Review Comment:
This manuscript was submitted as 'full paper' and should be reviewed along the usual dimensions for research contributions which include (1) originality, (2) significance of the results, and (3) quality of writing. Please also assess the data file provided by the authors under “Long-term stable URL for resources”. In particular, assess (A) whether the data file is well organized and in particular contains a README file which makes it easy for you to assess the data, (B) whether the provided resources appear to be complete for replication of experiments, and if not, why, (C) whether the chosen repository, if it is not GitHub, Figshare or Zenodo, is appropriate for long-term repository discoverability, and (4) whether the provided data artifacts are complete. Please refer to the reviewer instructions and the FAQ for further information.

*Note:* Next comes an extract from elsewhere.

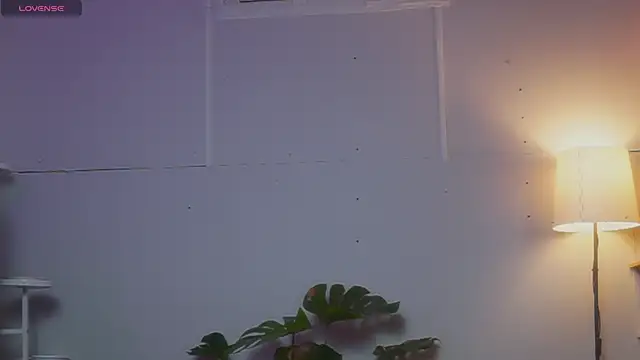 Snapshot of laybunny1 chatting on 05-24-26, 11:10 laybunny1 online show from 05-24-26, 11:10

I found the work focusing on the idea of converting well-known RDF data to two other forms namely, LPG and GraphML, and then carrying out and reporting a comparative study of load performance and performance of carefully selected queries belonging to five different categories on three different setups -- SPARQL on RDF data in Virtuoso, Cypher on LPG data in Neo4j, and Gremlin on GraphML data in ArcadeDB -- a commendable effort that provides useful information to the research community and practitioners interested in maximizing the utilization of knowledge graph data available as RDF.

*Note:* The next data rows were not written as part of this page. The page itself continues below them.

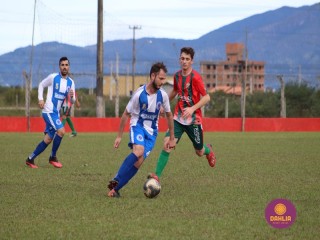 
<a style='margin-left: 5px;' class='btn btn-xs btn-social btn-facebook' href='https://www.facebook.com/sharer/sharer.php?u=https://boladovale.com.br/imgs/800-800-90/conteudo/fotos/1620/img2428.jpg' rel='popup' data-width='500' data-height='400'><i class='fa fa-facebook'></i>Compartilhar <span class='hidden-xs'>no Facebook</span>
</a> 
<a class='btn btn-default btn-xs' target='_blank' href='imgs/800-800-90/conteudo/fotos/1620/img2428.jpg'>
<span class='glyphicon glyphicon-cloud-download'></span> Salvar
</a> 
<span></span>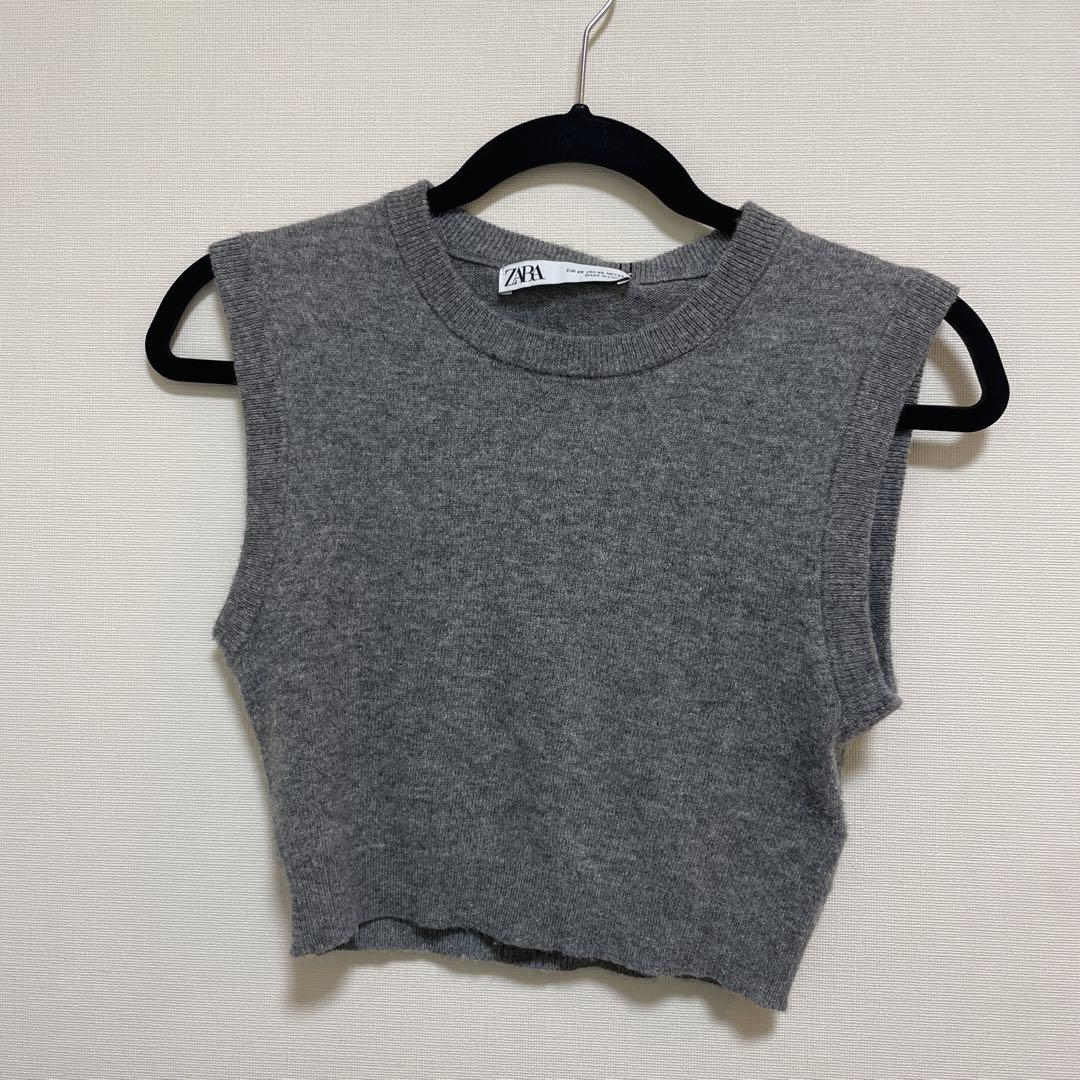 新品未使用 ZARA グレー ニットベスト XS タンクトップ - メルカリ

I found that the content, although quite detailed, requires some improvements. Also, it was not clear to me if the datasets that the paper talks about are easily accessible for interested readers to download and experiment with. Please see my suggestions below.
A. Question: Are the three datasets used in the performance study – (based on the labels in Figure 7) biopax, ara, and cereals – available in a form that can be directly used by others for experimentation?

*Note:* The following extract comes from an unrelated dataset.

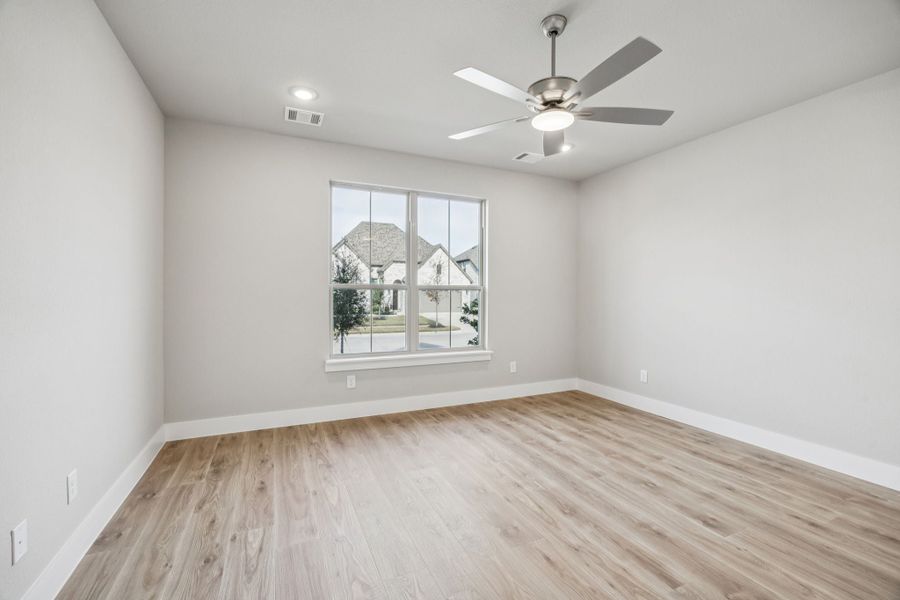 Spacious, unfurnished interior of a new home in Dove Hollow, Waxahachie (Image 25).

B. Suggestions for improving the readability:
B.1) For LPGs, the term "edge" is more popular than (and avoids any confusion that sometimes arises with use of) the term "relation". It may be easier for readers if you use the term "edge" instead of "relation" throughout the paper.
B.2) Similarly, the term "property" is more popular than "attribute" in the context of LPGs. You could use "propertyless" and "propertied" as adjectives to describe edges without any properties and edges with properties, respectively.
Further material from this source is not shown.